Required work: What does the data read, word for word, from the line containing "Used 2025 BMW i4 xDrive40 Hatchback" through its final line? Give those lines only.

Data provided:
- Opening Delimiter -

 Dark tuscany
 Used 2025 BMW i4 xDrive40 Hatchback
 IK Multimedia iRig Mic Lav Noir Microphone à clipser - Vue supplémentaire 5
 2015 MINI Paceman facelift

- Closing Delimiter -

Task answer:
 Used 2025 BMW i4 xDrive40 Hatchback
 IK Multimedia iRig Mic Lav Noir Microphone à clipser - Vue supplémentaire 5
 2015 MINI Paceman facelift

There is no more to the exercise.